Small-vocabulary sequence-to-sequence generation with optional feature conditioning

Geek Repo:Geek Repo

Github PK Tool:Github PK Tool

Should we be making the vocab index from all paths?

Adamits opened this issue · comments

commented

See here: https://github.com/CUNY-CL/yoyodyne/blob/master/yoyodyne/data/datamodules.py#L73

Consider the case that we want to test for how an OOV feature messes up the model for some reason. Then, if it exists in the provided dev/test set, it will be in the vocabulary. Does not seem like a big deal but is a bit unintuitive to me. On the other hand, a good assumption is that all vocab items/features in dev should already exist in train---then why do we need to add dev to the index?

Just wanted to open this to see if there is any justification for that.

This means that you can have the same index-building code whether you're training or predicting and not have to think about it, and it also means you can do training and prediction in the same routine without rebuilding the dataclasses.

commented

I am not sure I follow. In what case could you not already have the same index-building code (by default I believe our code replaces OOVs with a special "UNK" token). That is, wouldn't we always expect that the train data exclusively builds the vocabulary that is used for prediction?

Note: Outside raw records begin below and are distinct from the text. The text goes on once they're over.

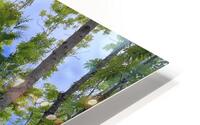 Treescape HD Metal print
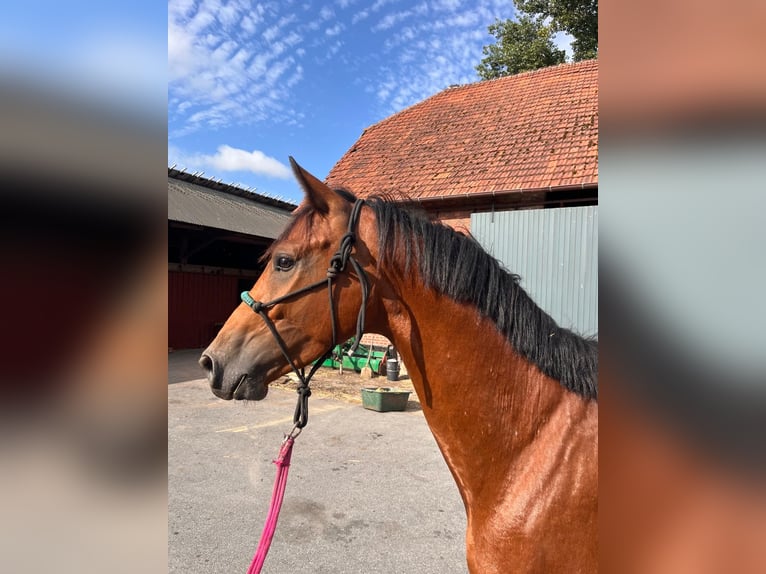 Deutsches Reitpferd Wallach 4 Jahre 164 cm Brauner in Olfen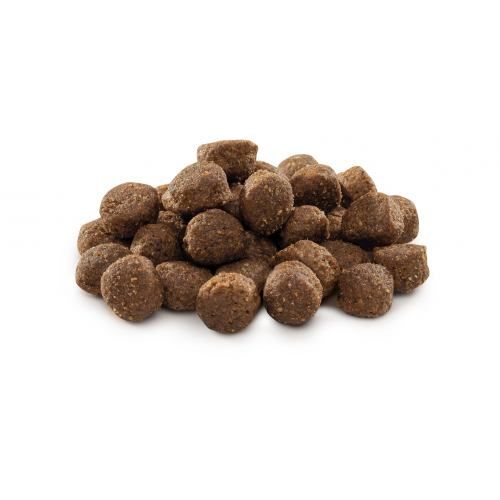 Сухий корм Brit Premium Dog Adult M для дорослих собак середніх порід з куркою 1 кг
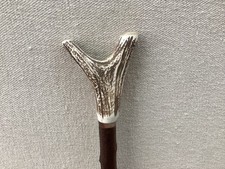 Red deer antler - red,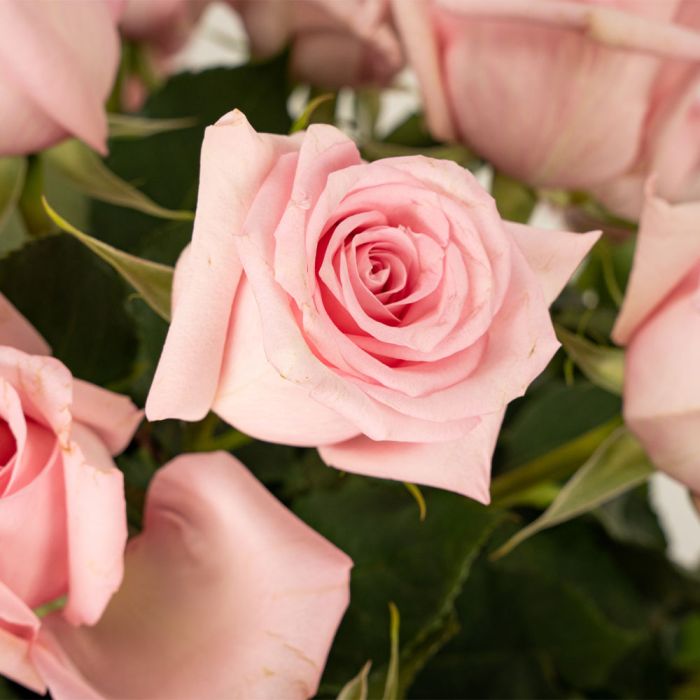 Four Dozen Soft Pink Long Stem Roses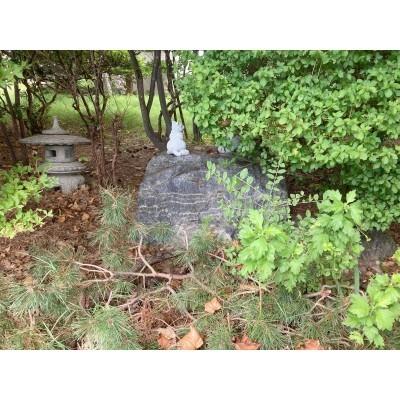 函館市川原町　売土地 土地画像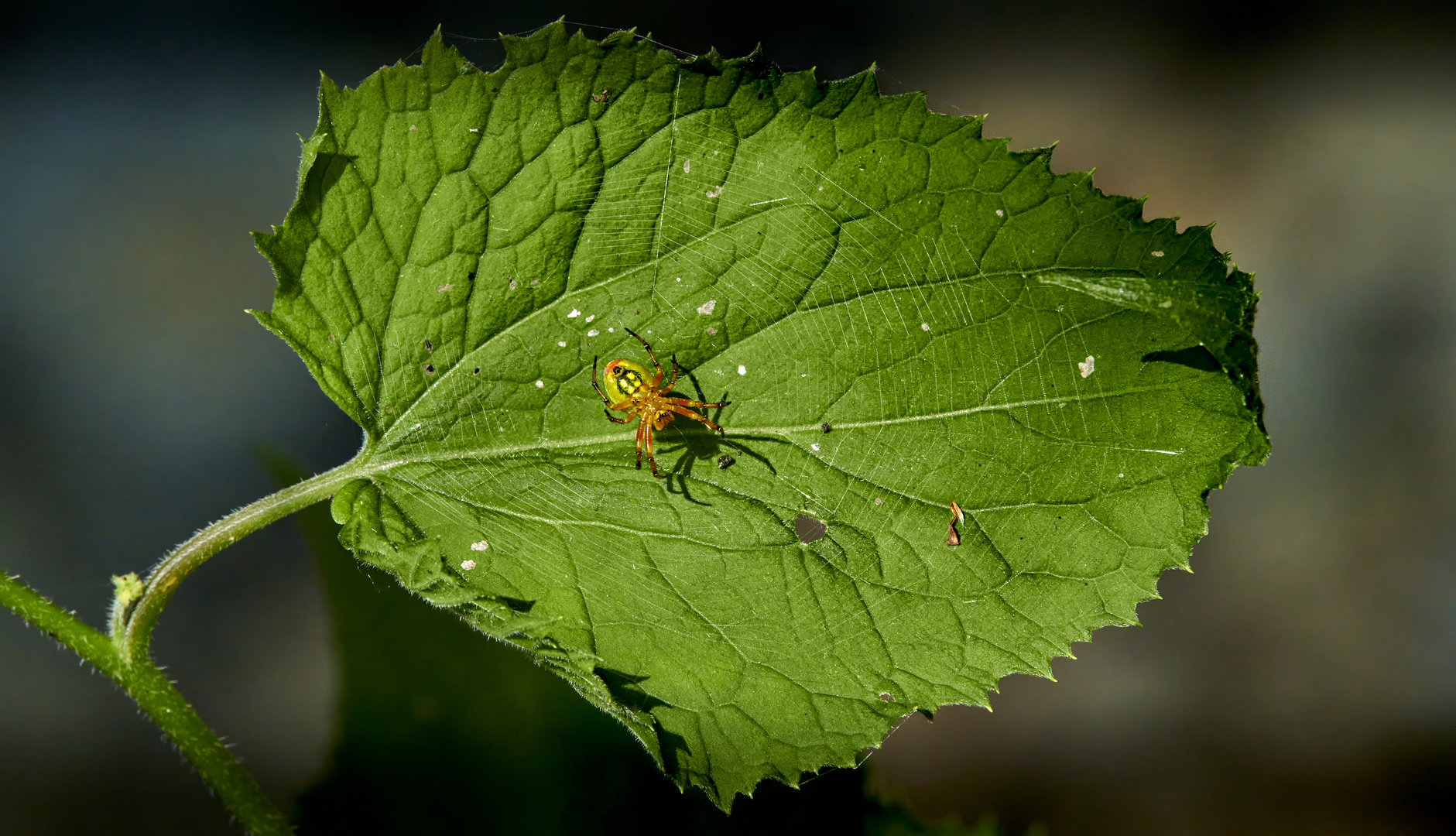 Araniella cucurbitina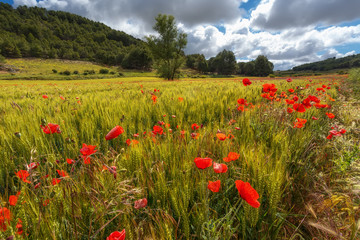 Field poppy in a green cereal filed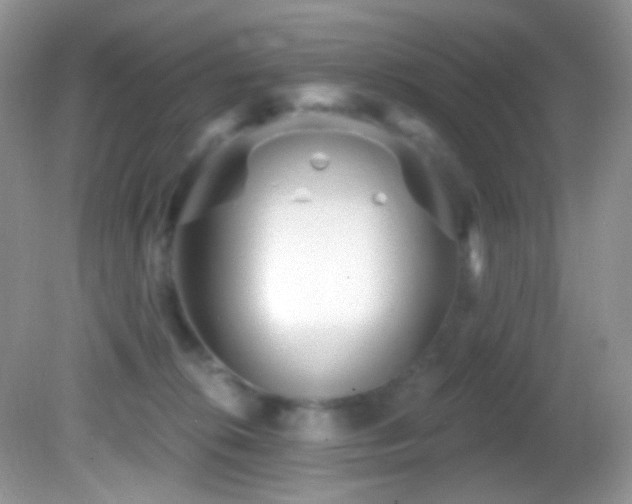 X0000082730276200701261253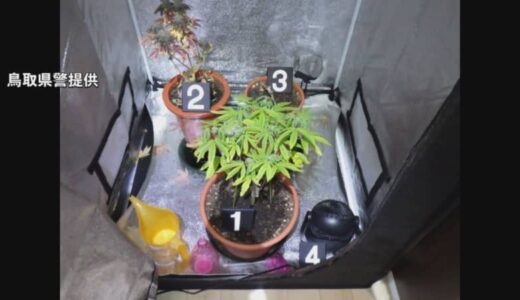販売する目的で大麻所持　愛知県の無職の男を逮捕　男から購入するなどした男女8人も逮捕　鳥取警察署
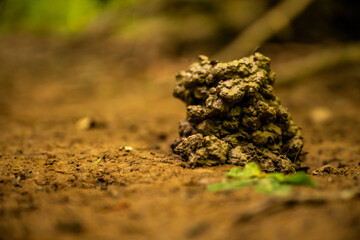 Obraz premium Mud Pile Marks The Entrance To Tunnel Along Trail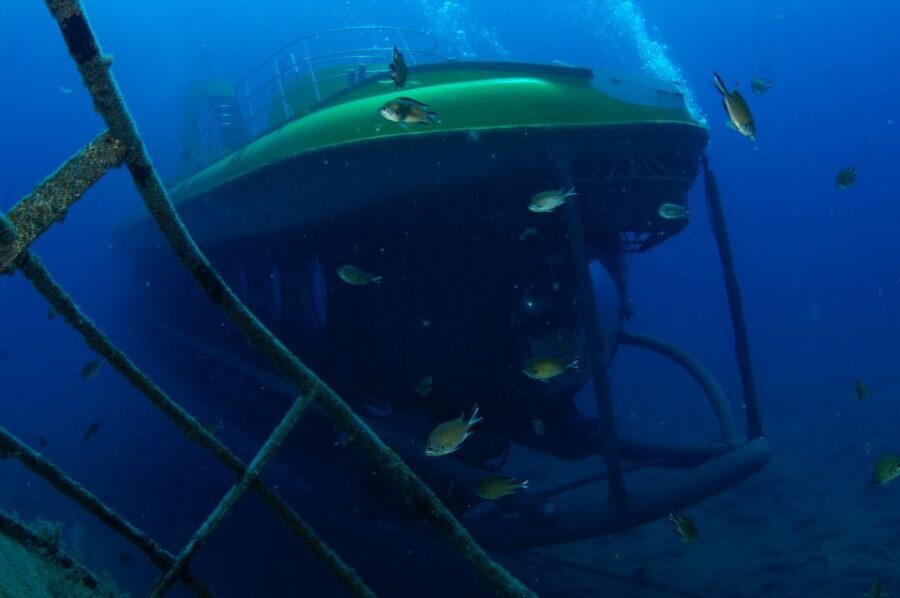 Puerto de Mogán: Submarine Tour - Golden Shark in Puerto de Mogán: what the experience feels like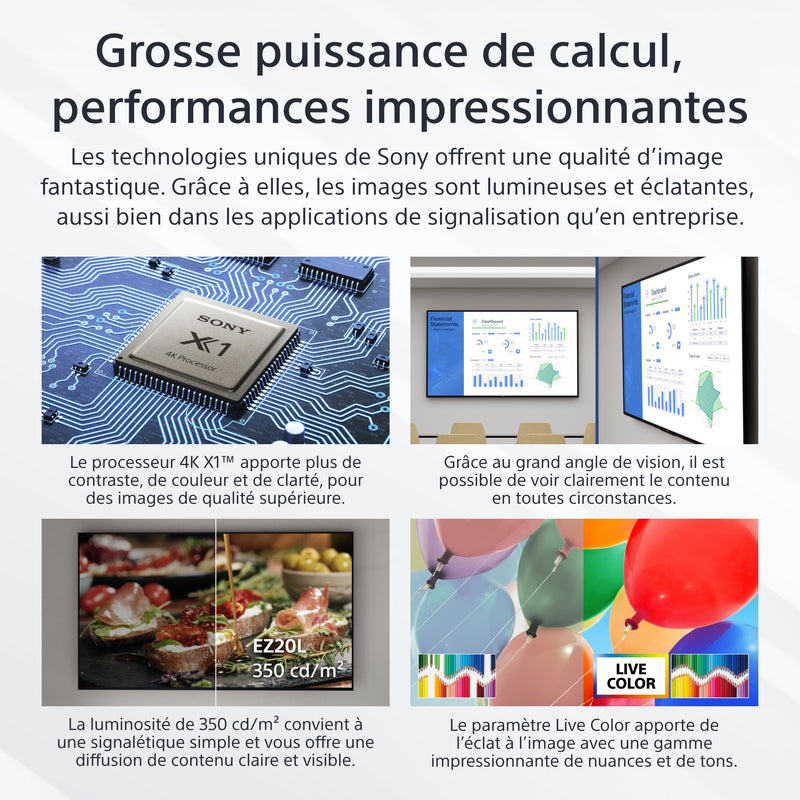 Sony FW-65EZ20L Écran d'affichage dynamique Écran plat de signalisation numérique 165,1 cm (65") LCD Wifi 350 cd/m² 4K Ultra HD Noir Android 16/7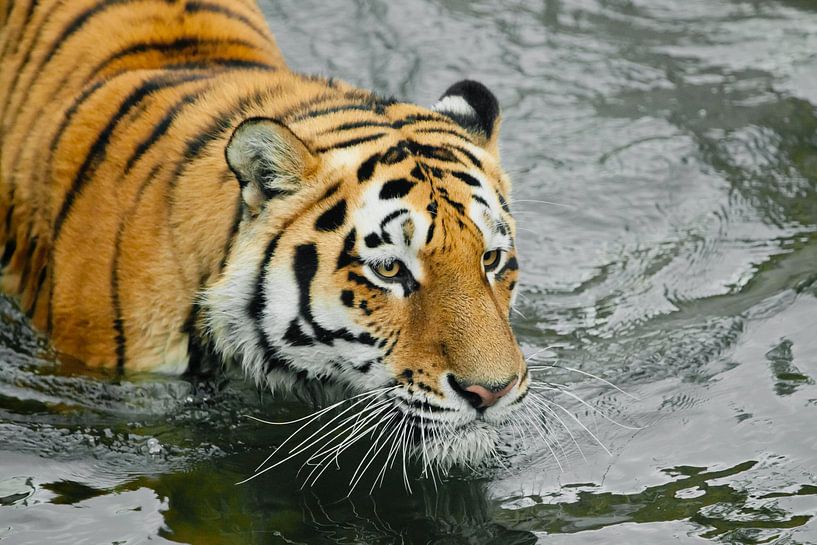 tijgerkop in donker water. Jonge mooie tijger met expressieve ogen loopt op het water (baden), Preda van Michael Semenov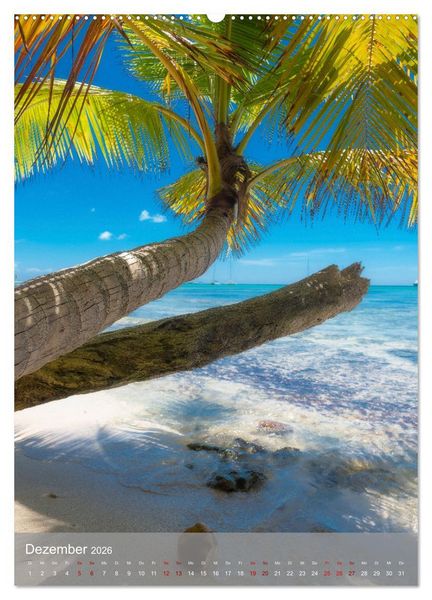 Produktbild: Karibischer Traum Isla Saona (hochwertiger Premium Wandkalender 2026 DIN A2 hoch), Kunstdruck in Hochglanz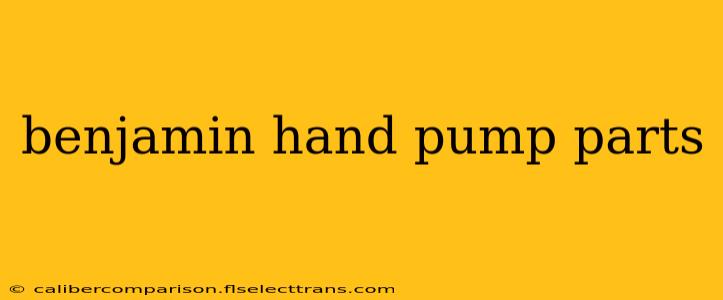 benjamin hand pump parts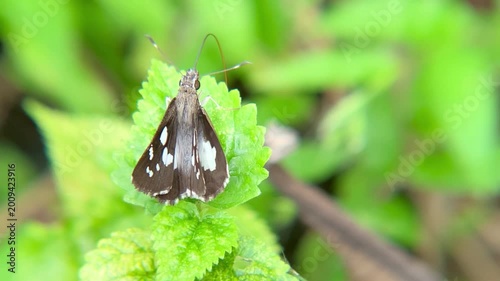 Grass Demon Skipper Butterfly Udaspes Folus Resting and Cleaning Its Long Proboscis On a Green Leaf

I am not following why you'd want to change the current behavior either.

commented

I think it is reasonable to expect that the model only stores a vocabulary of what it has seen during training. Suppose I have 2 characters in the dev set that are not in the train set. Then I would typically expect my model to e.g. replace them with the same UNK embedding, but in our case, we will always have unique vocabulary items initialized for them.

This is not really important since we do not train the UNK token by default. It is more that this does not seem like a typical practice.

I can imagine a setting where we auto-unk symbols below a frequency, but we don't have that yet. (Actually I think F**rs*q has that feature...)

commented

For me, for example, I was trying to reproduce someone's result for a different codebase using yoyodyne. I noticed that my vocab_size was different than theirs and was not initially sure why.

Of course, many things make reproduction hard (e.g. the gpu kernel, the order in which things are initialized, whether you query the dataloader before doing any other random operations, etc.).

commented

Gonna close this and open a low-priority feature request about auto-unking.

commented

This has been implemented in #163